Avangard, Ukraine's leading egg producer and one of the country' largest agribusinesses, is fighting claims in the media that owner Oleg Bakhmatyuk is under criminal investigation.
A report posted on ukranews.com last week said that Avangard has been accused by the State Financial Inspectorate of illegally receiving UAH137m ($17m) worth of subsidies under state agricultural support programs. The report also claimed that officials have accused Bakhmatyuk of conspiring with state and banking officials to obtain subsidized loans.
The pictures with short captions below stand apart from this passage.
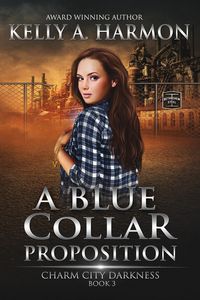 Produktbild: A Blue Collar Proposition (Charm City Darkness, #3)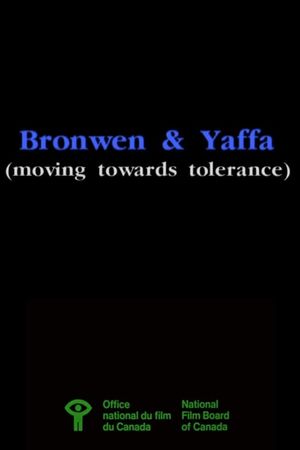 Bronwen & Yaffa (Moving Towards Tolerance)'s poster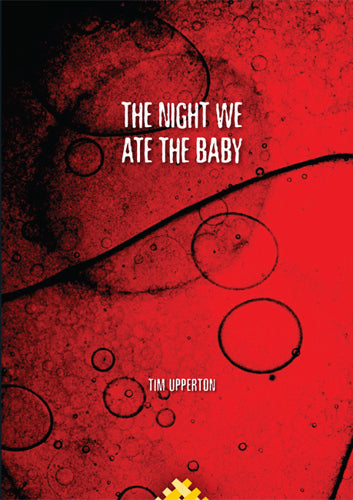 The Night We Ate the Baby by Tim Upperton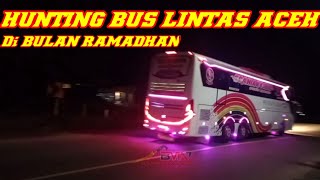 HUNTING BUS ACEH TERBARU 2022 #busakap #aceh_utara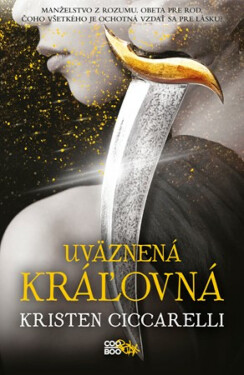 Uväznená kráľovná - Kristen Ciccarelli
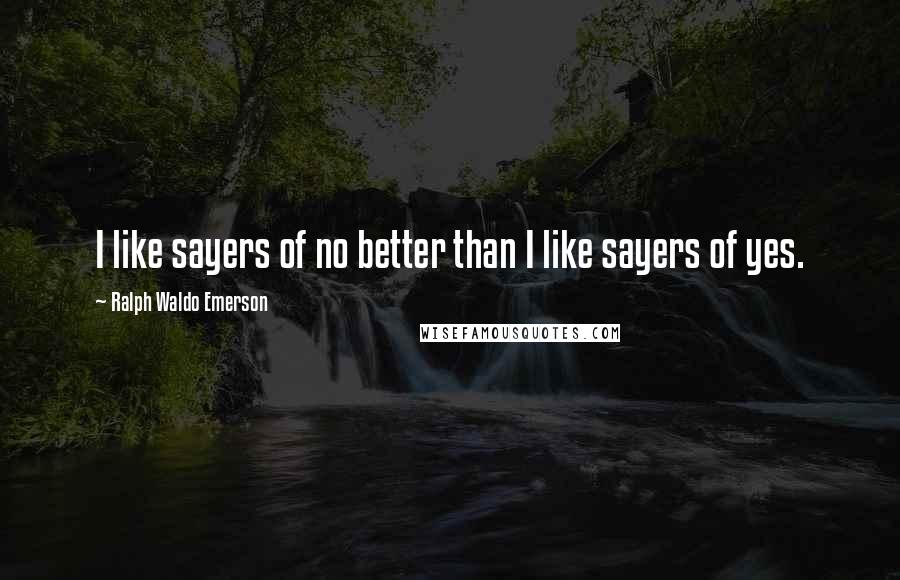 Ralph Waldo Emerson Quotes: I like sayers of no better than I like sayers of yes.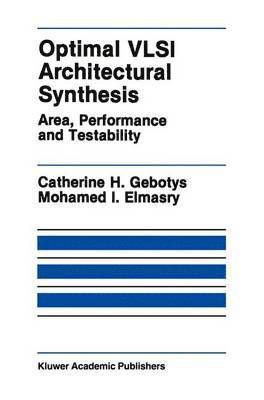 Optimal VLSI Architectural Synthesis 1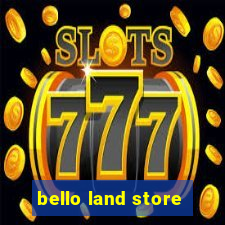 bello land store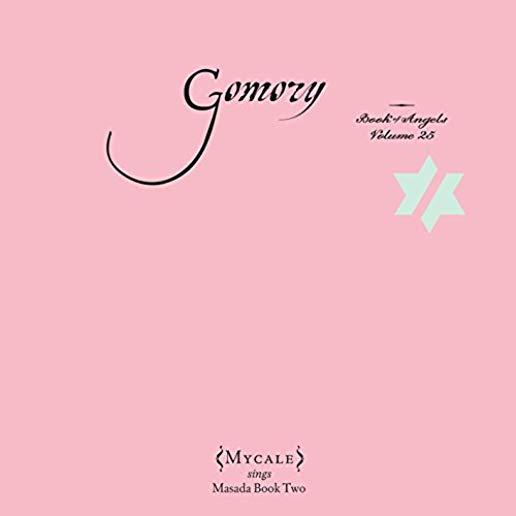 GOMORY: BOOK OF ANGELS 25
However, whilst the report - bearing all the hallmarks of a paid smear campaign - disappeared after a few hours, an English translation that was circulated shocked international investors. The surprise was only compounded by the fact that in the translation the Ukrainian currency figure was incorrectly replaced with a dollar sign, thus suggesting a crime whose value was eight times greater than in the original report.
As a result, Avangard's Eurobonds plummeted 8 percentage points on February 2, and a further 6 pp the next day, before starting to recover after the company officially denied the reports. The share price, already trading at a steep discount to peers such as MHP, remained stable.
Bakhmatyuk circulated a letter to investors on February 2 in which he accused the former owner and CEO of VAB bank, Sergei Maksimov, of being behind the attack. Bakhmatyuk acquired the troubled bank in 2011, only to accuse Maksimov of having embezzled $200m, and request that the prosecutor general's office investigate.
Avangard held a conference call on February 4 rejecting the report and insisting that there is no ongoing investigation against the company. Bakhmatyuk suggested Avangard might buy back its Eurobonds, and that it's likely to launch a non-deal roadshow in order to explain the situation.
"We should note that the aforementioned website does not have the reputation for being a reliable information source," writes Dragon Capital's Tamara Levchenko. "Moreover, the report cited no official or other reliable sources, particularly the website of the State Financial Inspectorate, where such information would normally be published."
"While it is difficult to verify whether Avangard's claims are indeed true (or whether there is any truth to articles published in the local media), we find the fact that the company now has an official position to be reassuring," writes Renaissance Capital's Konstantin Fastovets in a research note. "Overall, we believe that the current amount of negative sentiment regarding Avangard's shares may be somewhat too high, because even if the company does have certain disputes with the Ukrainian government, the lawsuits are unlikely to be substantial, in our view."